# Buying mobile home and mobile homes sites



## Olive (18 Jun 2009)

Hi there,
We are thinking of buying a mobile home. From what I can gather (and I could be wrong), getting a site is the difficult bit, so buying on a site would be the way to go for us, as we dont have somewhere to place it.

That said, I can see that you are in the hands of the site owner. 
We are looking at somewhere close to Dublin, like Wicklow, near beach, we dont have much to spend, about 20k max. The fees seem high - 3,300 per annum for a place open 7 months of a year, but it does seem well looked after.

We are totally naive in this whole area, dont know anyone whose done it.

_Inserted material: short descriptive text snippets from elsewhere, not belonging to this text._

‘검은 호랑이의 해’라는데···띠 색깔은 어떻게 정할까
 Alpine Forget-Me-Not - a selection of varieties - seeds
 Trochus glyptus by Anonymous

We're not looking for an investment or anything, just somewhere to bolt away to with the kiddies.
Would love to hear any wise words; words of caution; recommendations????

Thanks


----------



## jack2009 (19 Jun 2009)

Its a great idea, I do it myself but luckily enough we have our mobile on a site that belongs to a relative so we dont have to pay site fees and also we did not have to buy a shiny new mobile off the people who owned the site.

so unfortunately I am not much use to you save to say I think that it is a great idea and I love getting away from Dublin.

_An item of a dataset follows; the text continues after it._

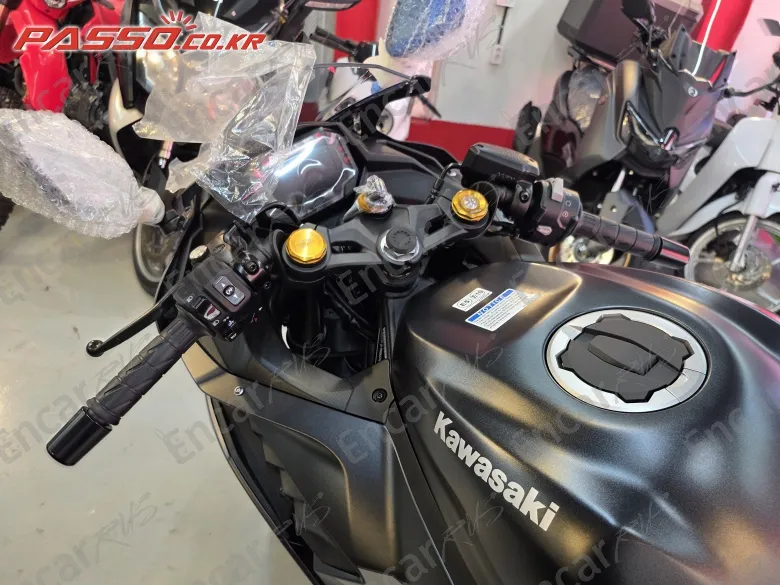 KAWASAKI NINJA ZX 4 RR - фото 3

From what I have heard/understand you have to make sure that your mobile is not less that 10 years old so even if you bought a mobile now and managed to stay on budget the mobile might be say 7 years old and that means in 3 years time you would be paying out another large sum of money!  

I am not sure but like most things at the moment I would hope that site fees are on the decrease but who knows.


----------



## Olive (19 Jun 2009)

hi Jack, thanks for the reassurance! I had heard that too about the 10 year rule, but that only seems to apply to some sites, the 'posher' ones. The one we're interested in, this does not apply to, as long as you keep the mobile well maintained they are happy.

I would like to think you are right about the fees, but the sites do seem to have it all sown up, so I wonder..... 

Thanks for the reply!


----------



## Sue Ellen (19 Jun 2009)

This post might be of interest.  There are some other threads  also.


----------



## tosullivan (30 Jun 2009)

I did the maths a few yrs back and didn't find the costs of a mobile home site very appealing so opted to buy a holiday home instead. The interest payments on the mortgage right now is only €2.5k per annum and its open all year round to me and 3 times the size of a mobile home. Plus the land is mine aswell (well the banks at least)


----------



## Olive (30 Jun 2009)

Thanks a million sue ellen had a wee look at those posts.

tosullivan, we have about 20k to spend so unfortunately buying a property is absolutely not an option, but I am sure if you can afford it, it makes more sense, as it doesn't depreciate in the same way. 

CAnt believe they are thinking of taxing mobiles just as we decide to get one!!


----------